「FXはお金もうけをするものではなく楽しむもの。その楽しみが続くことが、自分にとって最高の満足」。一度は大損を経験し、市場から撤退したものの、2019年にFX取引に復帰したSさん。これは、S氏がFX取引をするうえで、大切にしているポリシーです。「FXで一獲千金を」と考えているトレーダーからすると、「目線が低く過ぎるのでは」と感じるかもしれませんが、復帰後2年間で利益は約700万円超という素晴らしい成績を残しています。その秘訣はいったい何なのか、リモートでお話を伺いました。

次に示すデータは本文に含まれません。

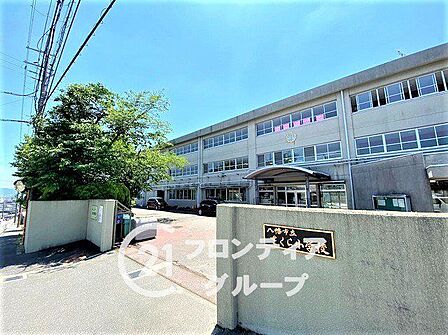 八幡市立さくら小学校 徒歩5分。 330m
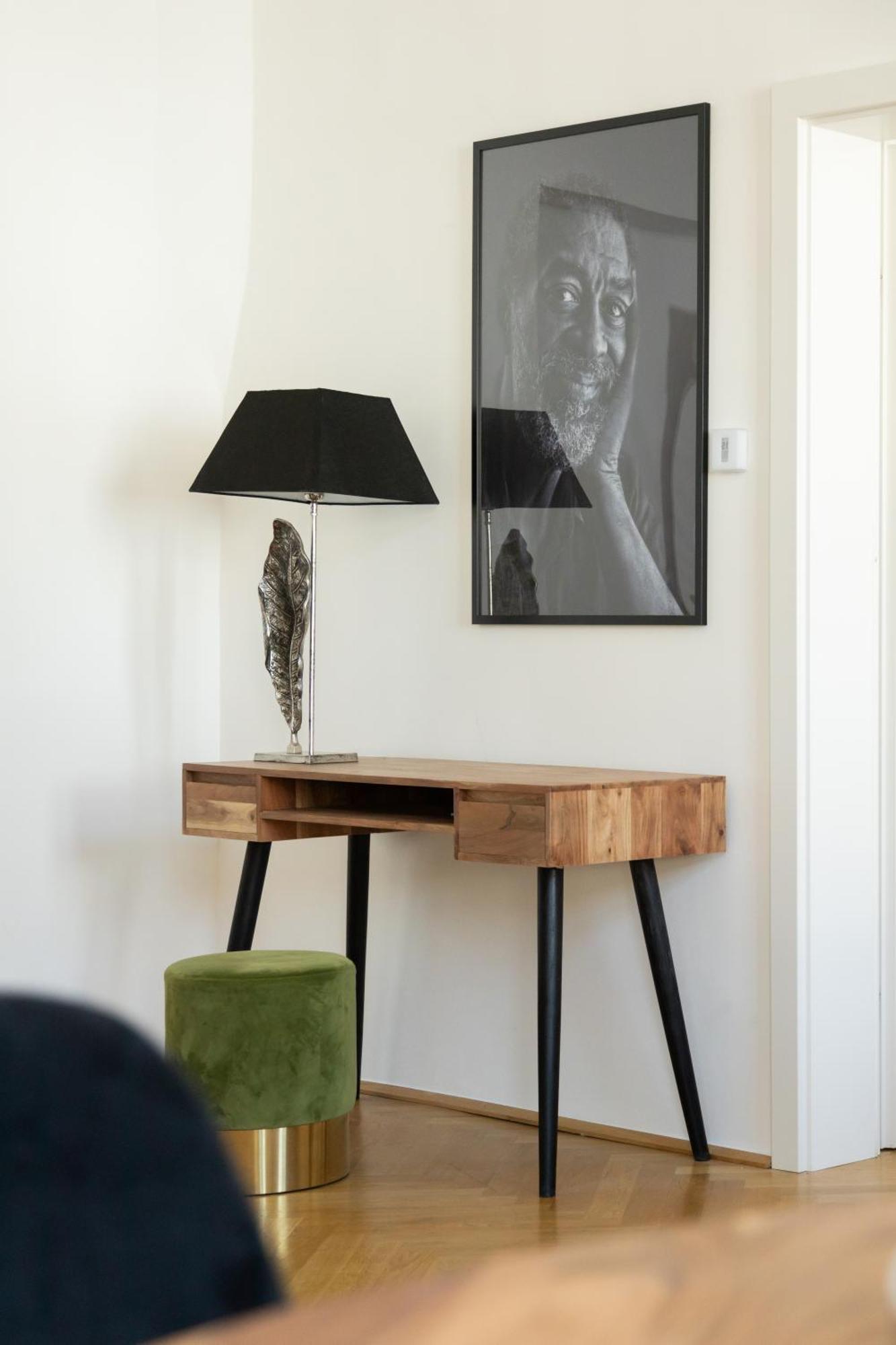 Charming Historical Near Centre Apartment *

(この記事は2020年12月3日に掲載した記事名『約10年振りにカムバック Sさん「投資結果は『ぐうぜん』の産物。だから楽しむことを最優先」トップトレーダーに聞く!(前編)』を一部修正したものです)
Sさん プロフィール
年齢性別 :50代男性
FX取引歴 :2009年に開始するもしばらくして退場、2019年から再開
FX収支 :2年間で約700万円超(2019年&2020年)
投資商品 :FX
趣味 :車と車いじり(愛車を自分で修理しながら長年乗り続けている)
▼目次
1.20万円がいきなり約100万円に、そして退場
2.保証金を積み増しては損失を重ねていた
3.投機に理論はない
4.常に冷静でいたい
5.チャートの見方は基本どおり
6.テクニカルはトレンドラインを引いて分析
7.画面はできるだけシンプルに
8.リスク感覚の違う人とは
20万円がいきなり約100万円に、そして退場
編集部:- FXと出会ったきっかけは?
Sさん:- 2009年の頃でしょうか、当時親しくしていた友人が「面白いから」と、FXを紹介してくれたのです。それで「ちょっとやってみようかな」と思い実際にやってみたら、これが面白かったんですね(笑)。当時はパソコンか、ガラケー携帯を使ってトレードをしていました。チャートがリアルタイムに動いているのを見ながら、その場で通貨が売買できることに、強い衝撃を受けました。
編集部:- FXはデモトレから始めたんでしょうか?
Sさん:- いや、いきなり本番です。保証金20万円で始めました。当時はレバレッジ規制が入る前だったので、50倍とか100倍とかでもトレードできました。だから、一晩で約100万円の利益が出たこともあります。
編集部:- それはすごいですね
Sさん:- でも、勝てたことで調子に乗ってしまい、やがて手持ちのお金300万~400万円をつぎ込んでいました。一方で、当時は仕事も忙しく、「いったん冷静になろう」と思って、FXから離れました。
編集部:- そういう経験をされていたのですね。しかし、最初から20万円が一晩で100万円になるような成功もあったわけですよね。
Sさん:- あの頃の相場は“ダーっ”と動くときがあって、そのときを追いかけて、うまくトレンドをつかんだのでしょうね。最近はトレード記録を残していますが、当時は記録を残してないので、詳細は覚えていません。
保証金を積み増しては損失を重ねていた
編集部:- FXを始めた10年前というと、ちょうど円高が進んだ時期ですね?
Sさん:- 私に言わせると単純な相場でした。どんどんと円高方向に進み、80円台ぐらいまで動くという予想がつきました。「レバレッジを抑えて、ずっと持っておけばよかった」と、今は思いますね(笑)。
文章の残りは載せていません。